Clay Shirky's Ontology is Overrated post is a great survey of why tagging is hot, semweb is not.
But there is a bit of strawman in the argument. Clay sets up ontologies to be hierarchcial organizations of concepts having firm inside/outside boundaries, and easily shows how inadequate that scheme is to describe the web.
But the semweb people actually designed in many of the features Clay likes about tagging. Anyone can make a new OWL ontology describing resources in an idiosyncratic way. OWL concepts overlap: a resource can belong to thousands of concepts. And most definitely, the link topologies are not restricted to hierarchies: an RDF graph looks just like the web.
Tagging is not taking off becuase it describes the web better than semweb.
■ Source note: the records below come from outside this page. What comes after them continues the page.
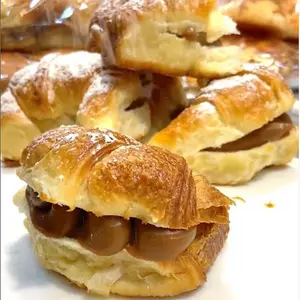 Medialuna Con Dulce De Leche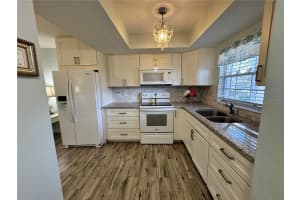 304 46TH AVENUE TERRACE, BRADENTON, FL 34207 Sold 06/16/25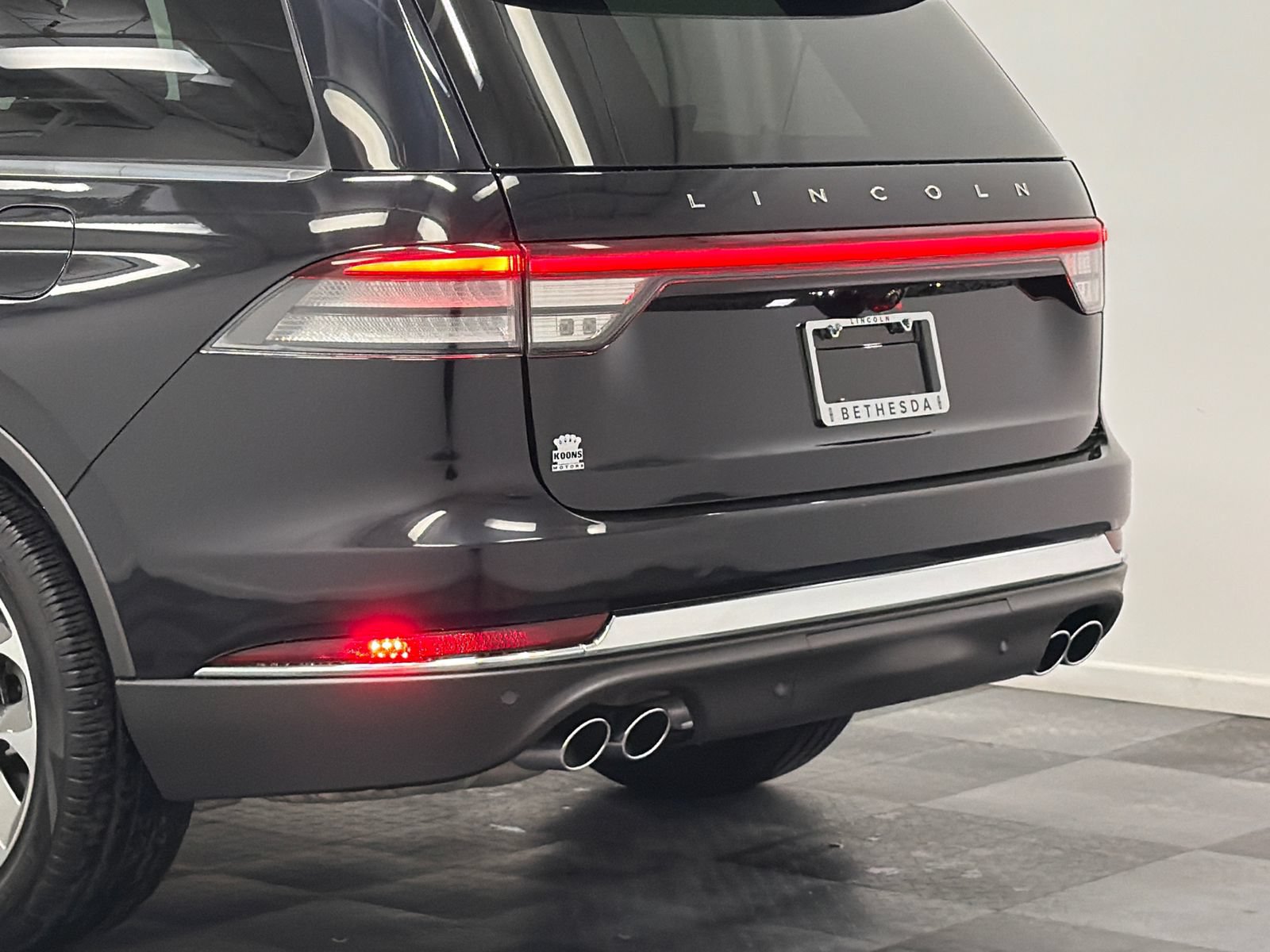 Used 2025 Lincoln Aviator Reserve AWD/4WD image 7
Tagging is taking off because it's easy, and semweb is hard. del.icio.us wouldn't have gotten very far if you had to define your own classes and properties.
But everything you do in del.icio.us, could be done using semweb. A tag is an OWL class with a name and that's about it: No other properties, but the members of the class (your tagged URIs) imply something about the class. You could take each user's tags and create his own personal ontology. No need to adopt anyone else's ontology. But to expand on Clay's "mind reading" analogy: If I determine that another user says "movies" to mean the same thing I do when I say "cinema", I could make that mapping through an OWL equivalence. Then all that user's "movies" tags become trusted indicators for movies in my searches.
Clay is on the money with the observation that the real meanings of the terms are emerging from the statistical fog. You can make observations about the relations between tags based on the URLs that share them. "This URL probably represents a movie, as you think of 'movie'" is the function I need.